Working with Wheelock College, BPS has just completed a sweeping survey of the state of student health in Boston. The results show that on average, 40% of BPS students across grades and sex are at an unhealthy weight and 82% of high school students report not eating the recommended daily amount of fruits and vegetables. The Healthy Connections plan includes immediate steps to improve student health. Beginning this fall, BPS will:
- Increase the number of physical education teachers by 10%
- Conduct fitness assessments for students in 4th through 9th grades
- Integrate physical activity across the school day through activity promotions, cross-curricular lessons, movement breaks, and recess
- Incorporate tobacco policy and prevention strategies into BPS Wellness Councils and Wellness Policies through student engagement and professional development
“Preparing children for academic and life success is among our city’s most important responsibilities and the core responsibility of the Boston Public Schools,” said Superintendent Carol R. Johnson. “More than anything, this means that children are in good health, eating healthy, staying physically fit and emotionally well.”
This school year, Superintendent Johnson created the BPS Health and Wellness Department, led by Executive Director Jill Carter. The department is working to rapidly increase physical fitness, nutrition and health education in every school. Under Carter’s leadership, BPS now provides physical education at 17 schools that previously did not offer any; is conducting a student physical fitness assessment in 57 schools; and trained 75 Wellness Champions to increase physical activity in 46 schools.
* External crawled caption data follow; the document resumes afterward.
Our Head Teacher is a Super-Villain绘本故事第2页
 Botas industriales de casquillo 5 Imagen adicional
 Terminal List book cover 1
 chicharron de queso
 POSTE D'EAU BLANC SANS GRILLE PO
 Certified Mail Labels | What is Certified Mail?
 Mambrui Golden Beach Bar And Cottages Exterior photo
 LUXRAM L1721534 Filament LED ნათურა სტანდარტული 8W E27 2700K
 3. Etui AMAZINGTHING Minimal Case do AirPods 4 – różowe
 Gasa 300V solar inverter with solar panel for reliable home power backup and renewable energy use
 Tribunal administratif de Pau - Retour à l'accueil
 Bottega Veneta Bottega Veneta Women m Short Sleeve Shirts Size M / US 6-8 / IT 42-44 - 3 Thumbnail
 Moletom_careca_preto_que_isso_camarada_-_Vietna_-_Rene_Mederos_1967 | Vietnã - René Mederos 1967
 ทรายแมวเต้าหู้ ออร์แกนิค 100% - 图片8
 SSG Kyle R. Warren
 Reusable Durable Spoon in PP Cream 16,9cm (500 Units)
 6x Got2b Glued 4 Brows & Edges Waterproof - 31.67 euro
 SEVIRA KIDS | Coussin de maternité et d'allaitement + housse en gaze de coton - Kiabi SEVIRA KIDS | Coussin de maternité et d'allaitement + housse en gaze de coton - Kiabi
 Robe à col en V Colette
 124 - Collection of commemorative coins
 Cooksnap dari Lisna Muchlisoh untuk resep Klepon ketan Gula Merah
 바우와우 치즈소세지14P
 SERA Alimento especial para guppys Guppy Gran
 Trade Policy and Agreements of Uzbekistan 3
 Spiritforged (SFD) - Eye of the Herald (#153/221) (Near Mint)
The Health and Wellness Department worked with the Aspire Institute at Wheelock College to develop the Healthy Connections strategic plan. “We were pleased to work with BPS to elevate the importance of student health and wellness,” said Jake Murray, senior director of the Aspire Institute. “From the Superintendent on down, there is a clear, strong commitment to better coordinate health and wellness services and improve the quality of these services.”